Records shown
================
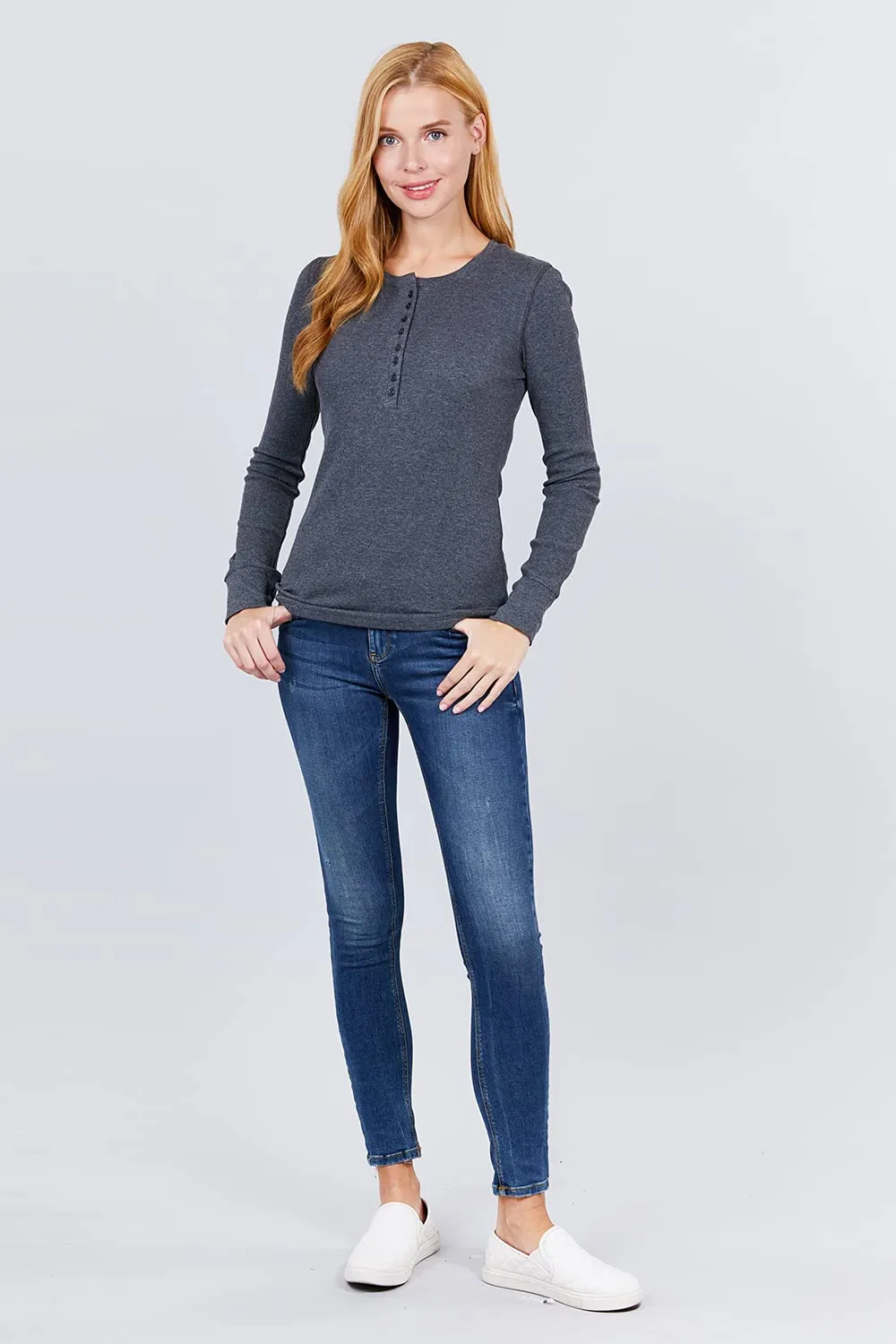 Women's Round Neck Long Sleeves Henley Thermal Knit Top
================
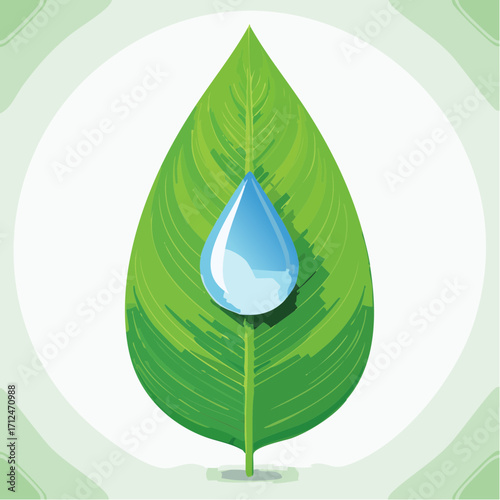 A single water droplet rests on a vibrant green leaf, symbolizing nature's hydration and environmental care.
================
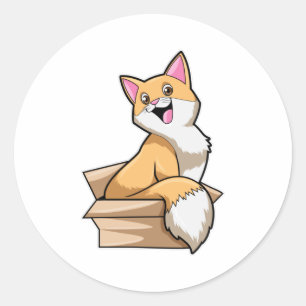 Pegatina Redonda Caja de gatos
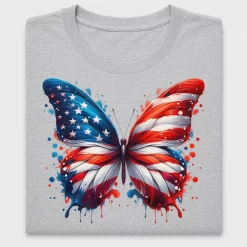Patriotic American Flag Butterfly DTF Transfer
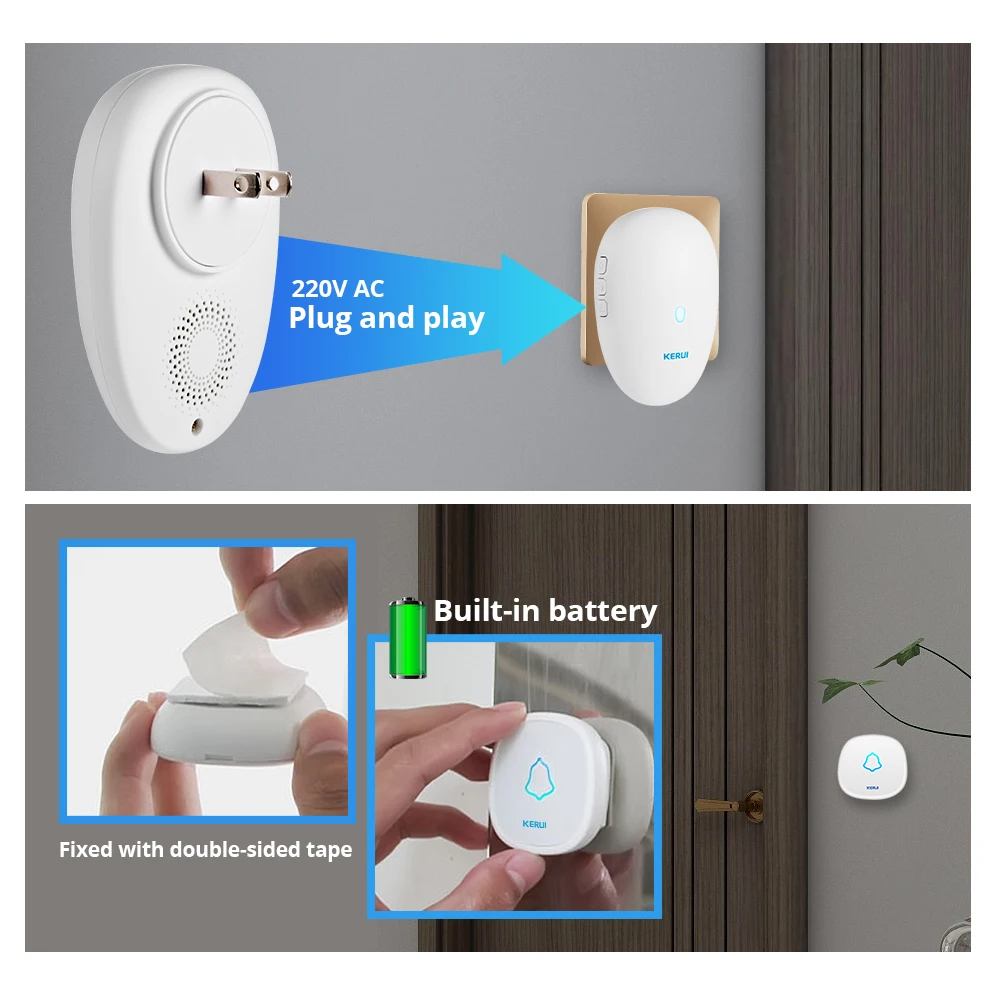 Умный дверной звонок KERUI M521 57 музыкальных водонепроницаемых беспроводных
================
What is being asked
Write back word for word every line in the entries above from the one with "Patriotic American Flag" to the one with "Умный дверной звонок", ends included, and none of the pictures.

Task solution
Patriotic American Flag Butterfly DTF Transfer
 Умный дверной звонок KERUI M521 57 музыкальных водонепроницаемых беспроводных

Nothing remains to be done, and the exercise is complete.